= Beginning of Section =
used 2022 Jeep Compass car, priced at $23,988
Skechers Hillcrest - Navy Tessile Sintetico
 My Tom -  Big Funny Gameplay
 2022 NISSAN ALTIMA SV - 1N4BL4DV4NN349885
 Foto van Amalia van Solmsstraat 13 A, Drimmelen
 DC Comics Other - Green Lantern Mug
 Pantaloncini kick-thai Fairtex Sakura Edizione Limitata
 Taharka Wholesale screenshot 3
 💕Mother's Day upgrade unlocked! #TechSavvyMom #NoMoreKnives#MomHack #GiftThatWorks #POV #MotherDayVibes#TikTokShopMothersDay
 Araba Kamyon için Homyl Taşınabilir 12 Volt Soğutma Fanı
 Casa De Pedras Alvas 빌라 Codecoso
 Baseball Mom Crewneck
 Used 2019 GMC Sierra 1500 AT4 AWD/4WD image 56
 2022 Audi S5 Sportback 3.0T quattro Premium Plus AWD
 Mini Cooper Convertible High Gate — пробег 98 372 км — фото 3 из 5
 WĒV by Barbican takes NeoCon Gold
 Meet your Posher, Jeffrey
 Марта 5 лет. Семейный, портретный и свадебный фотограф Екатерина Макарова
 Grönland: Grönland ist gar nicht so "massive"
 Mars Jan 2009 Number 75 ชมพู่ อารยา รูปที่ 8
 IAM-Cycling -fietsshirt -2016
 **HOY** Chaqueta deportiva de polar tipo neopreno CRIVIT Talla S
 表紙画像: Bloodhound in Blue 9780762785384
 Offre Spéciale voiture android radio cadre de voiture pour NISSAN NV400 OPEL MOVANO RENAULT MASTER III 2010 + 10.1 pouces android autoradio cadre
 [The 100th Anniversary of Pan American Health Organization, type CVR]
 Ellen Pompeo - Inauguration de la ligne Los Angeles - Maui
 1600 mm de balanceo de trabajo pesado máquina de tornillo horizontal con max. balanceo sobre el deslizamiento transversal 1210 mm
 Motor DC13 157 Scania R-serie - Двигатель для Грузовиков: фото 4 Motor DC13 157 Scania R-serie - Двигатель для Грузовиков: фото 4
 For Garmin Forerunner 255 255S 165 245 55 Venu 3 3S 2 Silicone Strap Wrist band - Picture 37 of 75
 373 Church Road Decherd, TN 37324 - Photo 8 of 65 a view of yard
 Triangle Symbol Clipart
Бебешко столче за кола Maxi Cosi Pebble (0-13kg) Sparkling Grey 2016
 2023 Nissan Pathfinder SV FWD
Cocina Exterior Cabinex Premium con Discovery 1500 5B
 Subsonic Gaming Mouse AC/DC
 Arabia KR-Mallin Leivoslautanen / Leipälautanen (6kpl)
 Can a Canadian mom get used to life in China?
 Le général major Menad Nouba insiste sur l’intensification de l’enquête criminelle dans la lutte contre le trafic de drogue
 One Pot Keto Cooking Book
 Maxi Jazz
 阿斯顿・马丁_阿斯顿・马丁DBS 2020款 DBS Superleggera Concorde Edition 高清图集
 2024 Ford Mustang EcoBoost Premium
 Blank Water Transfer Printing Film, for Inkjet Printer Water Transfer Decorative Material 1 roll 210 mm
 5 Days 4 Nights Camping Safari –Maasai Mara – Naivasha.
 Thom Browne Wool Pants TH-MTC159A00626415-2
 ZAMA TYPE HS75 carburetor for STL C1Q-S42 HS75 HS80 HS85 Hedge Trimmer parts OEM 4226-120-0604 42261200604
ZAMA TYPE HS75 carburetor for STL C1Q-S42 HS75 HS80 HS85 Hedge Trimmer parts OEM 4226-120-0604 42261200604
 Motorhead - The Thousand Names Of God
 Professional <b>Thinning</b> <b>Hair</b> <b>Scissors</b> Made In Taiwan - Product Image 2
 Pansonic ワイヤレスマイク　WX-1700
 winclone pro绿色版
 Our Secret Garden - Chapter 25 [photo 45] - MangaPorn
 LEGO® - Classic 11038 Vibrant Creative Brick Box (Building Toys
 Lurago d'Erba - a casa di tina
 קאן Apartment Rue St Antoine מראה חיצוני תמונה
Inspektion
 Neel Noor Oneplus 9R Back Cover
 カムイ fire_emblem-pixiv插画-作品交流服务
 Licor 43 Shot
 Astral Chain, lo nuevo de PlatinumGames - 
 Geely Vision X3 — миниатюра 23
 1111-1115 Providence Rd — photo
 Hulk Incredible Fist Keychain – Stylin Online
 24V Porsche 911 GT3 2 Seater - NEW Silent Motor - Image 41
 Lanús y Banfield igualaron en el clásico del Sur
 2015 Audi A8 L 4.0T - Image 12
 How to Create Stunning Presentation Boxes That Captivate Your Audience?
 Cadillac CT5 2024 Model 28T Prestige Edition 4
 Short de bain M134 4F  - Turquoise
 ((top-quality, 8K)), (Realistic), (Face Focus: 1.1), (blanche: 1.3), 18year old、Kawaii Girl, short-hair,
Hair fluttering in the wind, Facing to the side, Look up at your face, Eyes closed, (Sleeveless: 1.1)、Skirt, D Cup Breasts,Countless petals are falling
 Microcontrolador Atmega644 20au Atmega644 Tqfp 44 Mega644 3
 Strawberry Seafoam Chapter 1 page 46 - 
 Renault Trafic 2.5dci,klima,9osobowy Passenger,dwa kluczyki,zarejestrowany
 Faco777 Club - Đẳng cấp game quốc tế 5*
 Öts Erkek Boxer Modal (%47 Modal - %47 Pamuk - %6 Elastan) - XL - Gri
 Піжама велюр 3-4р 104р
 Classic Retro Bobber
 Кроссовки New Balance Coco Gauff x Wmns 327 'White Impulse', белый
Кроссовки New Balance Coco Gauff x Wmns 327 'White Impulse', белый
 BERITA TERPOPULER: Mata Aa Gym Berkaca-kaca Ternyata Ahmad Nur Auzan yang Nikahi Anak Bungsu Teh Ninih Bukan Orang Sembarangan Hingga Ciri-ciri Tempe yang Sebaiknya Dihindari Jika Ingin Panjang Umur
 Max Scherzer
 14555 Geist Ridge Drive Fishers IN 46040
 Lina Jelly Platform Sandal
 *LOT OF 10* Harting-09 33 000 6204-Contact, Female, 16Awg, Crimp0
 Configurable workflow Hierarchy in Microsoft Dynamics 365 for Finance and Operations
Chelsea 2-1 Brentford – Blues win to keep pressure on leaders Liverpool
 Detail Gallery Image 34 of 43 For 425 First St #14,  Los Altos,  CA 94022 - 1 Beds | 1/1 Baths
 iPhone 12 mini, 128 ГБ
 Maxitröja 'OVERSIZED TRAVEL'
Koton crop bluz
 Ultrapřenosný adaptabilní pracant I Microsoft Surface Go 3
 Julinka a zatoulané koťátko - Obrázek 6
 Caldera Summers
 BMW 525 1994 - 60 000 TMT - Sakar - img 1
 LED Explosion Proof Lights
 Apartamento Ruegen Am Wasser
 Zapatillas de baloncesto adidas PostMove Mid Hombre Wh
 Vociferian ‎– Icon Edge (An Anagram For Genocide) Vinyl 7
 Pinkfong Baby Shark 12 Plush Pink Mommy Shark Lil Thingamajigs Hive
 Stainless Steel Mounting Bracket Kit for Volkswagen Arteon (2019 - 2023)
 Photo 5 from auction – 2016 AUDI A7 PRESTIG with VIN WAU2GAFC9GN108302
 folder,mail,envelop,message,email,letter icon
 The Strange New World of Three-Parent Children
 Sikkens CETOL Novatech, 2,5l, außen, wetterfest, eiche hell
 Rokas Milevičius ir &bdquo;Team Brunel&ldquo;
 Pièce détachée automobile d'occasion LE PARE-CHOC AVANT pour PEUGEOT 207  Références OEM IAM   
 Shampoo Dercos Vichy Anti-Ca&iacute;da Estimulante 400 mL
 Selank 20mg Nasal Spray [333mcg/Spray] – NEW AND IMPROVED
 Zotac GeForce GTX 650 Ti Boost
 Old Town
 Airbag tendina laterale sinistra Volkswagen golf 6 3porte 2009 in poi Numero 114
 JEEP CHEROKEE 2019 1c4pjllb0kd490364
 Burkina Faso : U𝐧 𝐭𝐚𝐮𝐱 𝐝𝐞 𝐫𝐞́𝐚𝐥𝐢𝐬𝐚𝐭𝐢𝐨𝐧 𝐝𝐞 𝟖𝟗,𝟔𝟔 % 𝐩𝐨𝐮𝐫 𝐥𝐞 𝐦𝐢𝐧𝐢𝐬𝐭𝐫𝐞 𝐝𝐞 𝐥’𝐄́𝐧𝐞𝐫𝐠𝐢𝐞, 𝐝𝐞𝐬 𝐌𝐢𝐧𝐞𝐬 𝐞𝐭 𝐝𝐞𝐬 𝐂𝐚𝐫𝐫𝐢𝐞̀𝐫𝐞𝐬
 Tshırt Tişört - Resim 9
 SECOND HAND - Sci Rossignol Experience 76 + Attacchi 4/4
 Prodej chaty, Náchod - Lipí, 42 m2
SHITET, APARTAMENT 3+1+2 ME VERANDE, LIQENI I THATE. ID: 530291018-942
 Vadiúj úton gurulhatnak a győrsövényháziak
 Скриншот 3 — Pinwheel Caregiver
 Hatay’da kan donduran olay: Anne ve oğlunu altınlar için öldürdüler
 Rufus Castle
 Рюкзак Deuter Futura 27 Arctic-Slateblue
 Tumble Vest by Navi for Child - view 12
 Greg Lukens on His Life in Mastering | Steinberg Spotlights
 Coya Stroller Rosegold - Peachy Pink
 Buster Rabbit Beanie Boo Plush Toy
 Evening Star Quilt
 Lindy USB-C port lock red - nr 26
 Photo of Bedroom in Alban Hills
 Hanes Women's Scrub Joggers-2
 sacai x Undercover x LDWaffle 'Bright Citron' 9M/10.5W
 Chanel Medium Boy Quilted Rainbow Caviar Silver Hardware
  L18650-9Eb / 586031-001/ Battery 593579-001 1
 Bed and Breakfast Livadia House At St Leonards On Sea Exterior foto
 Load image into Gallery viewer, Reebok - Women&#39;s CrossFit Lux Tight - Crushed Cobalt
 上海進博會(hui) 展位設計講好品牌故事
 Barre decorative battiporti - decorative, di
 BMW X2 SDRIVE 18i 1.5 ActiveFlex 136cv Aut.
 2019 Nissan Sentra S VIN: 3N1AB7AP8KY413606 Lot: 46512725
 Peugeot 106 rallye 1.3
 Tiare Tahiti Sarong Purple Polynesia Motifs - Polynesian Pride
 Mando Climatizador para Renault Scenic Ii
= End of Section =
__To do__.
Your task for the entries above: copy exactly the span starting with the line with "Pièce détachée automobile" and going on through the line with "Buster Rabbit Beanie Boo Plush Toy", both lines included, and nothing else.

__Answer to this task__.
 Pièce détachée automobile d'occasion LE PARE-CHOC AVANT pour PEUGEOT 207  Références OEM IAM   
 Shampoo Dercos Vichy Anti-Ca&iacute;da Estimulante 400 mL
 Selank 20mg Nasal Spray [333mcg/Spray] – NEW AND IMPROVED
 Zotac GeForce GTX 650 Ti Boost
 Old Town
 Airbag tendina laterale sinistra Volkswagen golf 6 3porte 2009 in poi Numero 114
 JEEP CHEROKEE 2019 1c4pjllb0kd490364
 Burkina Faso : U𝐧 𝐭𝐚𝐮𝐱 𝐝𝐞 𝐫𝐞́𝐚𝐥𝐢𝐬𝐚𝐭𝐢𝐨𝐧 𝐝𝐞 𝟖𝟗,𝟔𝟔 % 𝐩𝐨𝐮𝐫 𝐥𝐞 𝐦𝐢𝐧𝐢𝐬𝐭𝐫𝐞 𝐝𝐞 𝐥’𝐄́𝐧𝐞𝐫𝐠𝐢𝐞, 𝐝𝐞𝐬 𝐌𝐢𝐧𝐞𝐬 𝐞𝐭 𝐝𝐞𝐬 𝐂𝐚𝐫𝐫𝐢𝐞̀𝐫𝐞𝐬
 Tshırt Tişört - Resim 9
 SECOND HAND - Sci Rossignol Experience 76 + Attacchi 4/4
 Prodej chaty, Náchod - Lipí, 42 m2
SHITET, APARTAMENT 3+1+2 ME VERANDE, LIQENI I THATE. ID: 530291018-942
 Vadiúj úton gurulhatnak a győrsövényháziak
 Скриншот 3 — Pinwheel Caregiver
 Hatay’da kan donduran olay: Anne ve oğlunu altınlar için öldürdüler
 Rufus Castle
 Рюкзак Deuter Futura 27 Arctic-Slateblue
 Tumble Vest by Navi for Child - view 12
 Greg Lukens on His Life in Mastering | Steinberg Spotlights
 Coya Stroller Rosegold - Peachy Pink
 Buster Rabbit Beanie Boo Plush Toy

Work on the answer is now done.